In our exercise, we begin by identifying the substitution: let \( u = 1 - x \). This changes our variable of integration from \( x \) to \( u \) and requires us to also find the differential \( du \).
Differentiating \( u \) with respect to \( x \), we get \( du = -dx \), or equivalently \( dx = -du \). With this substitution, the integral is simplified and more manageable.

While the exercise provided deals with an indefinite integral, it's helpful to understand definite integrals, which represent the computation of the integral over a specific range of values. A definite integral is written as \( \int_{a}^{b} f(x) \, dx \), where \( a \) and \( b \) are the lower and upper limits of integration, respectively.
If you were to solve a similar problem with definite limits, the substitution process still applies, but you'll need to change the limits accordingly:

• When you substitute \( x \) with \( u \), calculate the new limits in terms of \( u \).
• Evaluate the integral with the transformed limits using the new variable.

For instance, if our integral from the exercise had limits, say from \( x = 0 \) to \( x = 1 \), upon substituting \( u = 1 - x \), the limits would change. As a result, \( x = 0 \) becomes \( u = 1 \), and \( x = 1 \) becomes \( u = 0 \), flipping the limits, which adds a new layer of consideration to the evaluation process.

Differential calculus and integral calculus are two sides of the same coin, where each process undoes the other to some extent. Understanding how differentiation relates to integration deepens comprehension.

• Differentiation deals with determining the instantaneous rate of change of a function, or the slope of its curve at any point.
• Integration, on the other hand, is often interpreted as finding the total accumulation or area under the curve of a function.
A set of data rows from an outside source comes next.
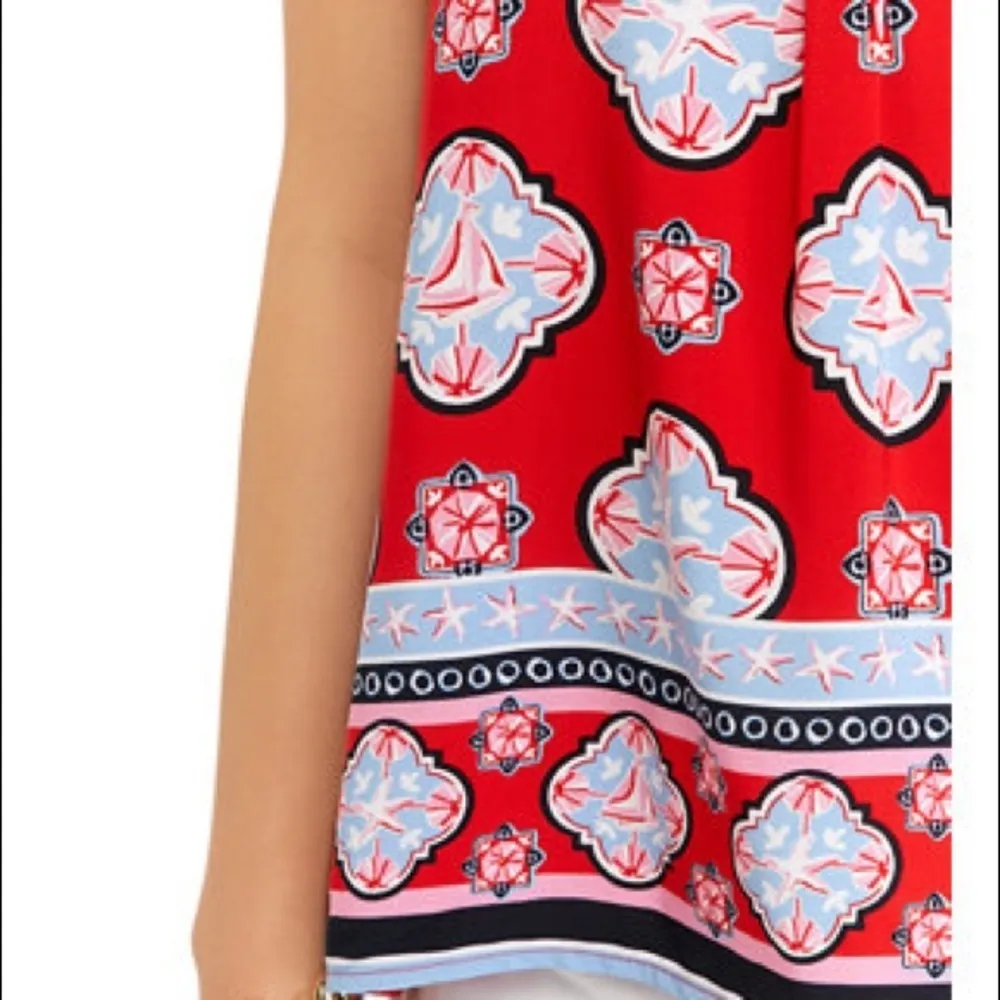 Crown & Ivy medium womens split vneck printed sleeveless button front hi low top Blue - Image 2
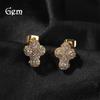 Personalized Diamond-encrusted Cross Earrings, Men's High-end Sense, Light Luxury, Trendy Human Ear Jewelry, One Piece Is Sent On Behalf of Others.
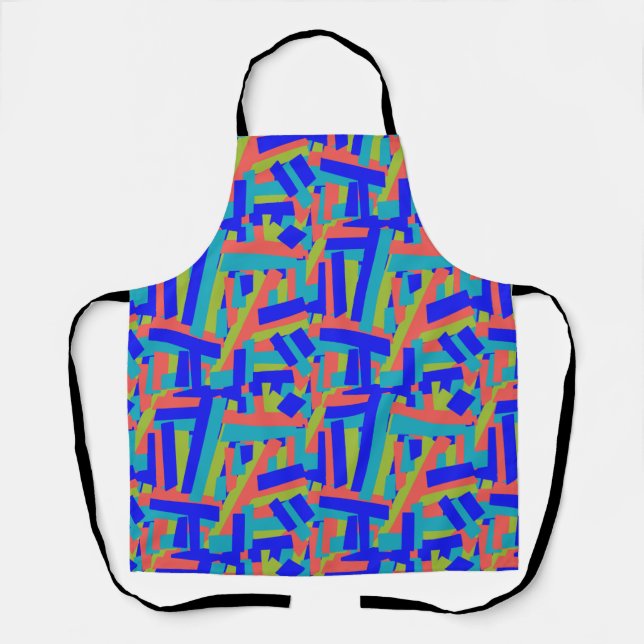 Bright Bold Blue Green Coral Abstract Patches Apron (Front)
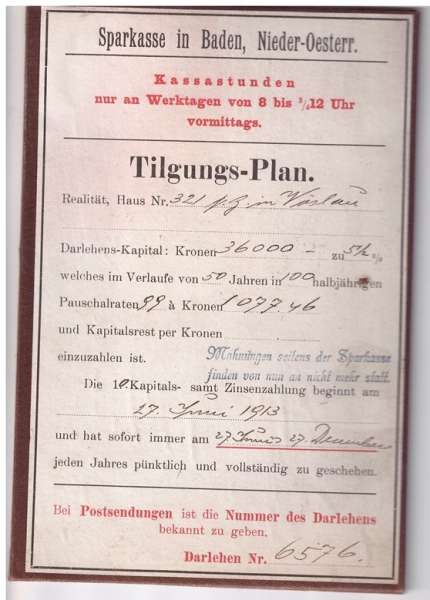 Sparbuch Sparkasse in Baden N-Österr. Tilgungsplan 1913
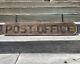 Antique Wooden Post Office Sign With Hanging Brackets Large Old Wood Primitive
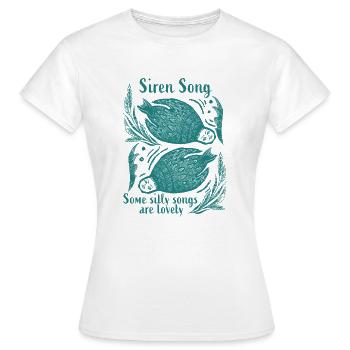 Linocut Sirenen - Frauen T-Shirt - Weiß - Vorne - AI Model Female 172 dark (172cm)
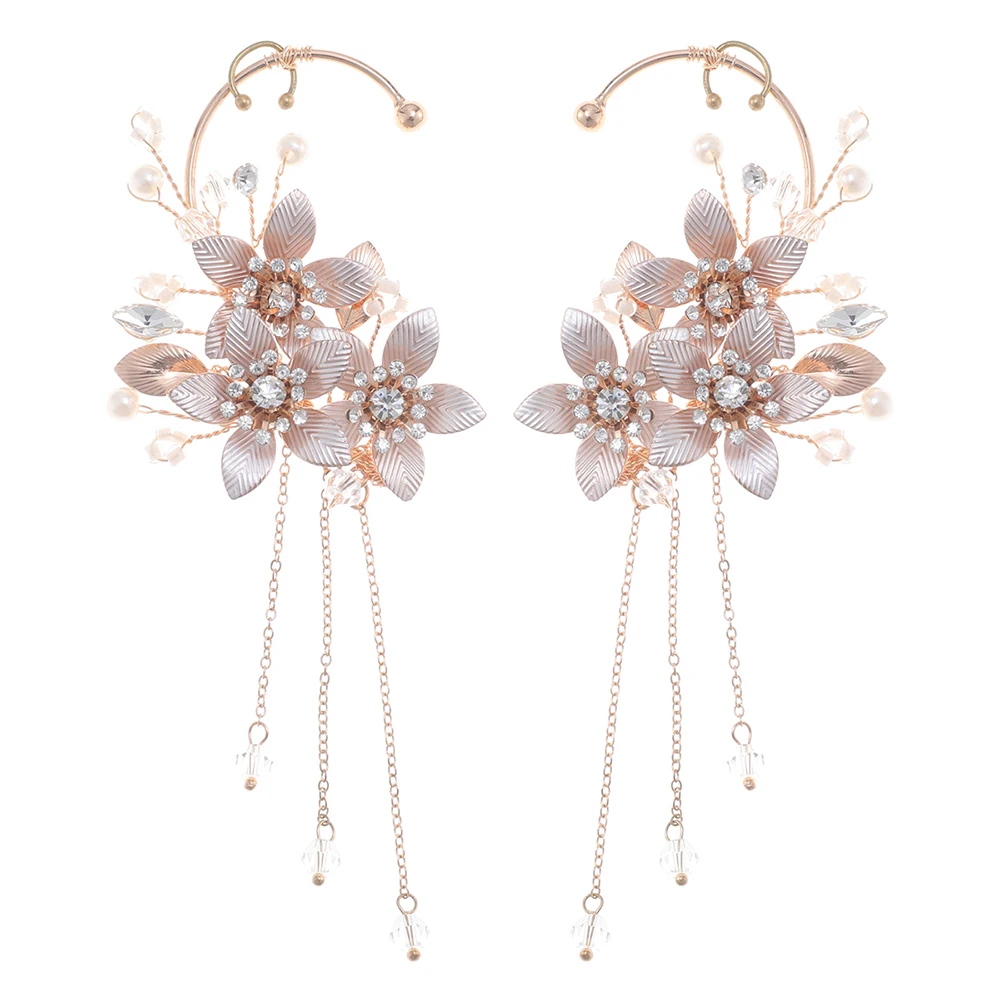 Elegant Metal Leaf Tassel Earrings for Brides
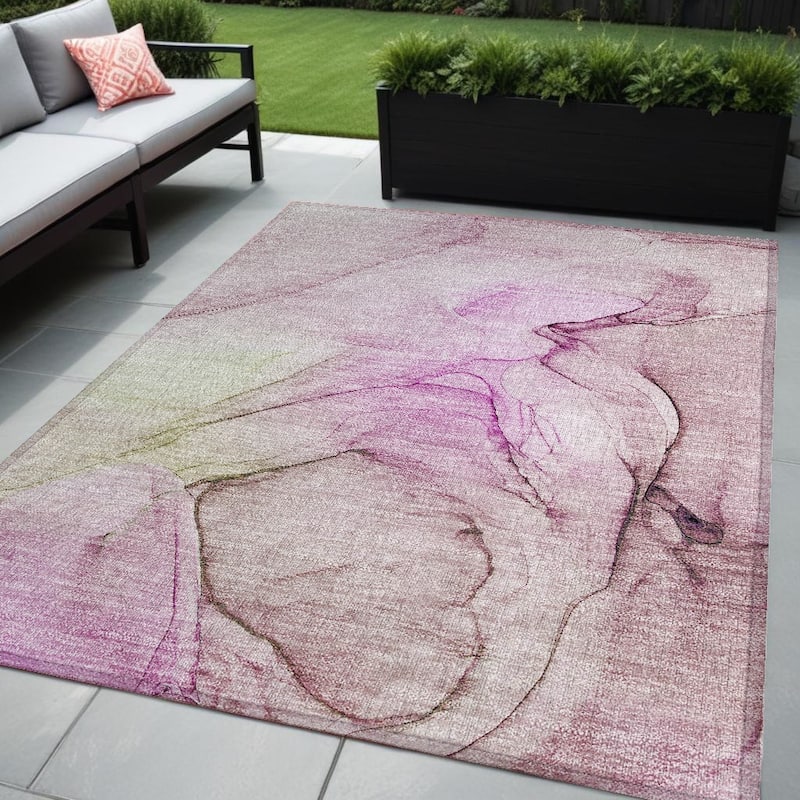 Gaz Modern Art-Inspired Weather Resistant Classic Meets Modern Outdoor Rug - 5' X 8' - Pink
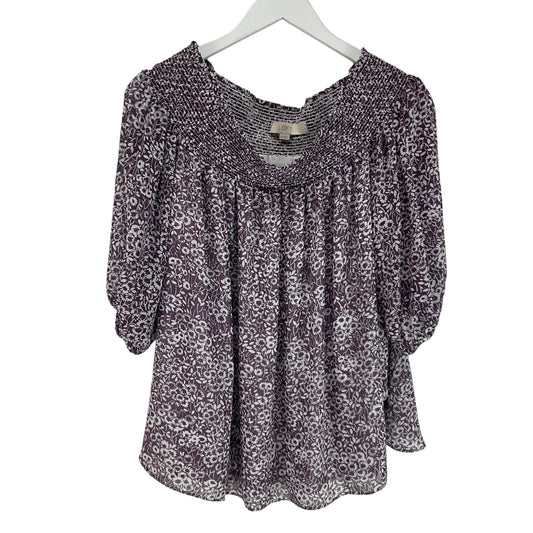 Top Long Sleeve By Loft In Purple, Size: M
In practice, when you perform substitution in an integral, you're differentiating the chosen substitution equation to find \( du \). For our exercise, starting with \( u = 1 - x \), we found \( du = -dx \). This differential relationship is a direct application of the reverse process of differentiation.
When integrating \( -3 e^u \, du \), we find the antiderivative, which is the reverse of differentiation. This gives \( -3 e^u + C \), where reversing the substitution leads to the final solution \( -3 e^{1-x} + C \).